I thought that when I became a volunteer, it would be as simple as approaching my chosen agency, saying, “I want to volunteer”, telling them in what capacities I was willing to serve, convincing them that I was a good and honest person, and it would be done. Sometimes it amazes me how simple life is - in my head, at least.
I am in my second week of volunteer training for hospice. This is something that I’ve wanted to do for a long time. The experience is proving to be nothing like I expected.
I thought that it would be mostly middle-aged women. Our group is composed of 8 women. Of those, half are actually middle-aged, two are in their forties, and the other two appear to be in their early thirties.
I expected a lot of informational material, given in the form of mini-lectures. Our group, however, is extremely interactive. There is definitely informational material being given, along with a lot of group dialogue. We discuss feelings and emotions surrounding the issue of death. We talk about family dynamics, and past experiences. We share our stories and sometimes, our heartbreaks. We also watch videos. These are not videos that the average person would find entertaining. These are stories about the end of life, told by the people who were dying. We also listen to various speakers, all team players in the hospice program, and we hear about different scenarios that can go on in the homes of the clients. These team members talk about what the hospice experience has been like for them as nurses, client bathers, social workers, and caregivers.

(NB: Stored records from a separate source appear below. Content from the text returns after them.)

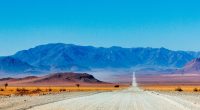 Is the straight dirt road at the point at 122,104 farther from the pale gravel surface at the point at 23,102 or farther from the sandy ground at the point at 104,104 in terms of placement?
the pale gravel surface at the point at 23,102

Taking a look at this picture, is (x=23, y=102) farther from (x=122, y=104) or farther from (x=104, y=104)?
(x=122, y=104)

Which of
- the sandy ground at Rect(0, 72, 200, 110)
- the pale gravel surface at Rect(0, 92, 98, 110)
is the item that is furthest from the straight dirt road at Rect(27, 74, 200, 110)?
the pale gravel surface at Rect(0, 92, 98, 110)

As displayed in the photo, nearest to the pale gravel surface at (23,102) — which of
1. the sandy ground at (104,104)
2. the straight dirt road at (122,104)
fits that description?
the sandy ground at (104,104)

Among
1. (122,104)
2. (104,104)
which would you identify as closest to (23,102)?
(104,104)

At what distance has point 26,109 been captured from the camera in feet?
113

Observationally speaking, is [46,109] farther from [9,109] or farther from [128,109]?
[128,109]

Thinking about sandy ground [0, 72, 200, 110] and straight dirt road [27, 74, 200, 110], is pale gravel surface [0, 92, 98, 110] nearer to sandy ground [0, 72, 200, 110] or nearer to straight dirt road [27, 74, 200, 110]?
sandy ground [0, 72, 200, 110]

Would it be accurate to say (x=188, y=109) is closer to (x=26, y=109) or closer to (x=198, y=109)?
(x=198, y=109)

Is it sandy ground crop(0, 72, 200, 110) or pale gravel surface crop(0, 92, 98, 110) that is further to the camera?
pale gravel surface crop(0, 92, 98, 110)

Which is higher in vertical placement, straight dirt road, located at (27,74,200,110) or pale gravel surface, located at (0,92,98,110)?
pale gravel surface, located at (0,92,98,110)

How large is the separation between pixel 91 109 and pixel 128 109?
8.62ft

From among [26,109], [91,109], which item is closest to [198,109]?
[91,109]

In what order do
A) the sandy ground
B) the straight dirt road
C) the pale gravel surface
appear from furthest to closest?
the pale gravel surface
the sandy ground
the straight dirt road

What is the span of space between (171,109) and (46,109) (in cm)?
879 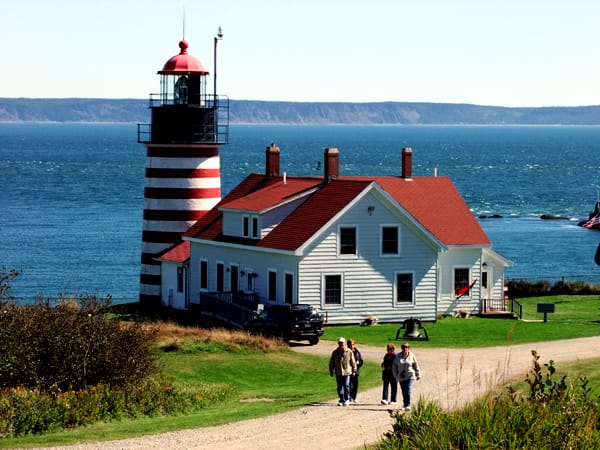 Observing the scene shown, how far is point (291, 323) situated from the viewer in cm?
4128

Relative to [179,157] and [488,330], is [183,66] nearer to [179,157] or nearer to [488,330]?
[179,157]

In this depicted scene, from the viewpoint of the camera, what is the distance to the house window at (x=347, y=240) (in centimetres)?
4566

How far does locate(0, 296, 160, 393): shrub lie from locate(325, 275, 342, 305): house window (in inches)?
563

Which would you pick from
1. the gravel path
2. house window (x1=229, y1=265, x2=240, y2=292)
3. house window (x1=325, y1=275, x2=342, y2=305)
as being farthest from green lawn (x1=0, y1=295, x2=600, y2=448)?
house window (x1=229, y1=265, x2=240, y2=292)

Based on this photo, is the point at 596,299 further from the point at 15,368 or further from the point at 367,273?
the point at 15,368

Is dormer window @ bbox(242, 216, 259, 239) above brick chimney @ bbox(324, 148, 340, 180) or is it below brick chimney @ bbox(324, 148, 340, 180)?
below

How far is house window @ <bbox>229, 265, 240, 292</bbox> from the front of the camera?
158 feet

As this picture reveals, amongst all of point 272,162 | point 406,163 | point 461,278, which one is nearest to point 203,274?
point 272,162

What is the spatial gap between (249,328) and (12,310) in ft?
38.9

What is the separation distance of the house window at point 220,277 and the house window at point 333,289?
4918mm

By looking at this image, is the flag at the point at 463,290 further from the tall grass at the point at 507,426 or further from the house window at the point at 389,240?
the tall grass at the point at 507,426

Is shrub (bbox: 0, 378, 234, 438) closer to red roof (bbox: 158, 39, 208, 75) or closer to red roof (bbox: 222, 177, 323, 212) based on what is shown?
red roof (bbox: 222, 177, 323, 212)

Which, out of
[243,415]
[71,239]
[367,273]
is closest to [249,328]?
[367,273]

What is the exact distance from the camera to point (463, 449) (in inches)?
774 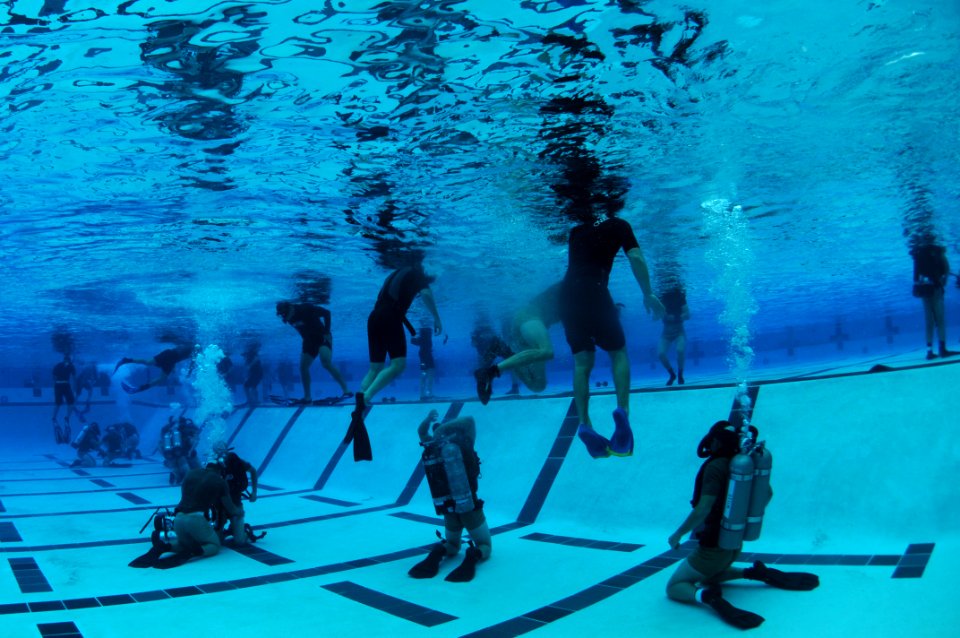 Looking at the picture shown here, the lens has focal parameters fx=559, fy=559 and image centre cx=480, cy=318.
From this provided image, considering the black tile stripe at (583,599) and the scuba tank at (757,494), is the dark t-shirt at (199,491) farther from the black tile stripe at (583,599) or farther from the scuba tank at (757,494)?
the scuba tank at (757,494)

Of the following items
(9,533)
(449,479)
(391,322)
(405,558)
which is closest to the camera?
(449,479)

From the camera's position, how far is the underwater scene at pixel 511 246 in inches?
213

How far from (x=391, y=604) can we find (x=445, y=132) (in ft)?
19.3

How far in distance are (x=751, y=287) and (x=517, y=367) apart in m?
20.8

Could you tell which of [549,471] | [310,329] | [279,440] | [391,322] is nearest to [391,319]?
[391,322]

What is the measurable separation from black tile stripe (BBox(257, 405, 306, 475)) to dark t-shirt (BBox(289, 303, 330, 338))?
696 centimetres

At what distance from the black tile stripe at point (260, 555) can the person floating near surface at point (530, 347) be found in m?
4.02

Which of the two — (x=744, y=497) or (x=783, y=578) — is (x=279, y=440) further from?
(x=744, y=497)

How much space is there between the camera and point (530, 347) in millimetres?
6297

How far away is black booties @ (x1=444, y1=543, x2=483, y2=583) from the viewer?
6.79 metres

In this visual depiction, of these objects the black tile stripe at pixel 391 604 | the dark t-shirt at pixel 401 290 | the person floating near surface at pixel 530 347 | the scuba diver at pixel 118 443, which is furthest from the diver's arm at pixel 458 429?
the scuba diver at pixel 118 443

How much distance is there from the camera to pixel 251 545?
894cm

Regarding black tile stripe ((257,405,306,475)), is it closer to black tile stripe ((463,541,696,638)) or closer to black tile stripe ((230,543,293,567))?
black tile stripe ((230,543,293,567))

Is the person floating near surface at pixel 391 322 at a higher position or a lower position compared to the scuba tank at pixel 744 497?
higher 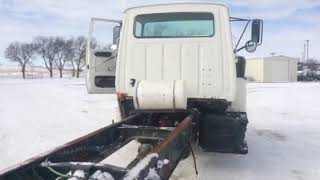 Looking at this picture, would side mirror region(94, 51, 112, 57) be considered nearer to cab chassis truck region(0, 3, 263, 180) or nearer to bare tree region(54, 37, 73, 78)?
cab chassis truck region(0, 3, 263, 180)

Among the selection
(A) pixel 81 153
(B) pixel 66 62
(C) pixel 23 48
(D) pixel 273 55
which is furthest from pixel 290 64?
(A) pixel 81 153

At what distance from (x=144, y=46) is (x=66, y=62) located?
83.9m

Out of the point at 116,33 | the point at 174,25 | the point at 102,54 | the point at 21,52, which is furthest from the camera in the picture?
the point at 21,52

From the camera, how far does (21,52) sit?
93.1 metres

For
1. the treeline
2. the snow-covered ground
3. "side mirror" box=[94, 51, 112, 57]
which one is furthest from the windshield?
the treeline

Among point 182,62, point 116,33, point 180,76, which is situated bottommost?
point 180,76

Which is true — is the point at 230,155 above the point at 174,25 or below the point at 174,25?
below

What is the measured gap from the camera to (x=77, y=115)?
48.4 ft

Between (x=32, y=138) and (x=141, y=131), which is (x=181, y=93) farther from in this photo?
(x=32, y=138)

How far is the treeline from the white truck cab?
75.2 metres

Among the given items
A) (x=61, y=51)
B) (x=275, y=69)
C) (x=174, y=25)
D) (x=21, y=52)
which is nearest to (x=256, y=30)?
(x=174, y=25)

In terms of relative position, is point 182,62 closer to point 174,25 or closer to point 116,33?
point 174,25

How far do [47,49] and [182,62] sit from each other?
85682mm

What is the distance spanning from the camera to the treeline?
85.3 m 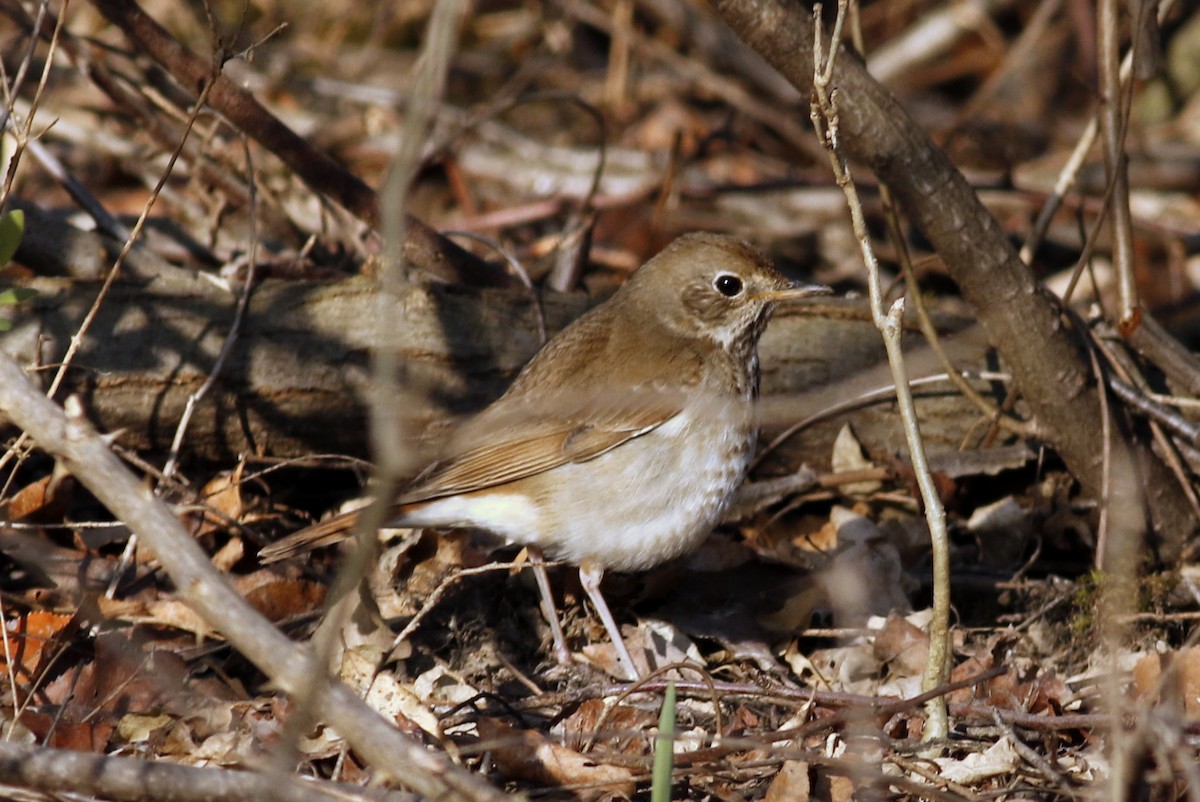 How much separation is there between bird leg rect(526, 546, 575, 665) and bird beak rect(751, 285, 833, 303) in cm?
138

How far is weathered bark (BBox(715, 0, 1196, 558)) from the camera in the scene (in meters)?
4.64

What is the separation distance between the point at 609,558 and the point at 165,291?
2.15 m

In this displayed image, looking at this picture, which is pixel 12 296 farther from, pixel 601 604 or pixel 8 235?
pixel 601 604

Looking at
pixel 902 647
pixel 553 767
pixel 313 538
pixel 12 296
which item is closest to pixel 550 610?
pixel 313 538

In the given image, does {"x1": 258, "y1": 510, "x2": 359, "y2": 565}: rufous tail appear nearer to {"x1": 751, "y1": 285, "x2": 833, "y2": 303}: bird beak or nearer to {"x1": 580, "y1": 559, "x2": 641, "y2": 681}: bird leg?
{"x1": 580, "y1": 559, "x2": 641, "y2": 681}: bird leg

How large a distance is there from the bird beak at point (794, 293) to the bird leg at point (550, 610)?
54.1 inches

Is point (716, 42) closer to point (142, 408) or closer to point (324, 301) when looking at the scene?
point (324, 301)

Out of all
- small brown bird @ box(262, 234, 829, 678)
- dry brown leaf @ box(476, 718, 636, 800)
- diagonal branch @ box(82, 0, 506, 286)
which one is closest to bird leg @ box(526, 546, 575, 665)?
small brown bird @ box(262, 234, 829, 678)

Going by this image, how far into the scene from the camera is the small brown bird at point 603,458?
16.3 feet

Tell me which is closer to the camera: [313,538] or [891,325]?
[891,325]

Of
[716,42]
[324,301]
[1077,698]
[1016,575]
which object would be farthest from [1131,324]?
[716,42]

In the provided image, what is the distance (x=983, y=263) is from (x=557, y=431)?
1.77 metres

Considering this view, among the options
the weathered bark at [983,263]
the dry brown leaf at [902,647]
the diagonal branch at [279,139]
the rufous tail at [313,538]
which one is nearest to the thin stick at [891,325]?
the weathered bark at [983,263]

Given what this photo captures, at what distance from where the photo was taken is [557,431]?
16.7 feet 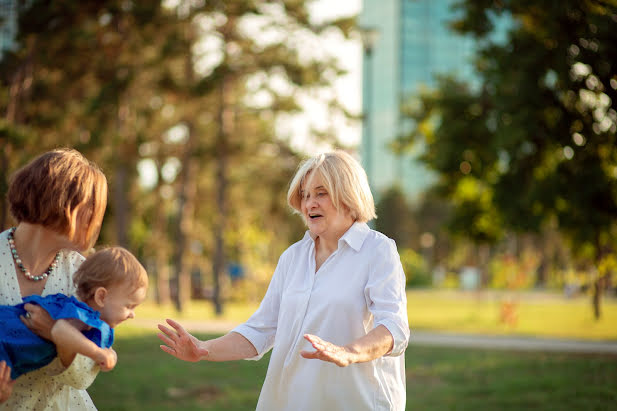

We laugh a lot in our little group; and we cry. We are free to explore the deepest and most poignant feelings that we have about death and dying. If we are going to sit with people and families in the death process, it is best that each of us know who we are at our depths. We need to explore what we have to give, and what we hope to get out of the experience. The families that hospice volunteers work with are looking for a calming influence, for some respite in the care giving, and for a little bit of comfort. As a volunteer, we are taught what the boundaries are in interacting with families, and what needs we may encounter. Through all of this training, we are constantly looking inside of ourselves to see what is really there.
I had imagined that there was a set of “rules” or parameters that we would follow as volunteers. You can do this, but you can’t do that. The only rules that we’ve been taught, however, are that we cannot dispense medication, and we cannot tell our clients or their families what we think they should believe or how they should act. No judgment, period. Death is a uniquely individual experience, and families process it differently according to their own personal value systems, lifestyles, and beliefs. You can no more presume to know what is best for someone in this situation than you can in any situation of life. People process events differently. The role of the hospice volunteer is strictly to be there for the family. We can basically do anything that the family needs us to do, as long as we feel comfortable doing it. If we are not comfortable with a request, we simply need to state that. As volunteers, we are not bound by things that we have to do. It is up to the family and their needs, and our own comfort levels.
I look forward to my first volunteer assignment. I have some pretty definite feelings about the death process, and I feel that we can do a tremendous service in helping others to make the transition as smoothly and peacefully as possible. I also understand that this type of work is not for everyone. I would, however, highly recommend it to anyone who feels that they could serve others in this capacity.